La melodia del canto natalizio può essere ascoltata in questo giorno anche dalla torre della chiesa parrocchiale di Arnsdorf e dalla torre del carillon della Nuova Residenza nel centro di Salisburgo. Quella sera nelle chiese di Salisburgo viene suonata tradizionalmente la versione per organo, che Gruber arrangiò nel 1836. A Wagrain, l'ultimo posto del ministero pastorale di Joseph Mohr, dal 1960, ogni 26 dicembre si tiene un concerto di beneficenza annuale "Dicembre-Joseph-Mohr-Gedächtnissingen".

Copie della canzone "Stille Nacht! Heilige Nacht!” Sono passate di mano in mano come tante altre canzoni anonime e per molto tempo fu considerata semplicemente una canzone popolare tirolese. Fu solo il 30 dicembre 1854 che Franz Xaver Gruber descrisse le circostanze della sua creazione nel documento “Authentische Veranlassung”, il cui originale si trova nel Museo "Stille Nacht" di Hallein. Il canto natalizio guadagnò rapidamente sempre più popolarità nelle regioni austriache e in Europa anche grazie alle famiglie di commercianti della Zillertal in Tirolo che la cantavano.

Nella seconda metà del XIX secolo, era già nota negli Stati Uniti, dove fu fatta la sua prima traduzione, mentre all'inizio del XX secolo, grazie ai missionari, raggiunse gli abitanti di altri continenti. Durante i duecento anni della sua esistenza, ""Stille Nacht" ha fatto un “viaggio” inimmaginabile attorno al nostro globo. Le traduzioni in lingue e dialetti nazionali hanno indubbiamente contribuito alla sua popolarità.

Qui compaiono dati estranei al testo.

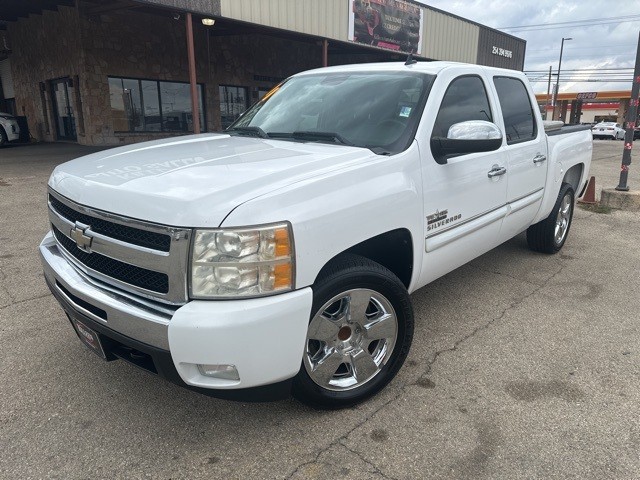 Chevrolet Silverado 1500 Vehicle Image 02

"Stille Nacht! Heilige Nacht!” (o in inglese "Silent Night, Holy Night") ha acquisito da tempo lo status del canto più famoso e la sua melodia e il suo messaggio natalizio uniscono le persone in tutto il mondo indipendentemente dalla lingua, dalla cultura o dalla religione. È un simbolo di pace, perdono, riconciliazione, amore e speranza. Quest’anno, seduti al tavolo di Natale proviamo a raggiungere con i nostri pensieri Oberndorf a Salisburgo e ad unirci al coro di mille persone riunite intorno alla cappella della "Stille Nacht!” che per la 201° volta canterano "Stille Nacht! Heilige Nacht! ", aprendo i nostri cuori e anime alla Buona Novella di Natale.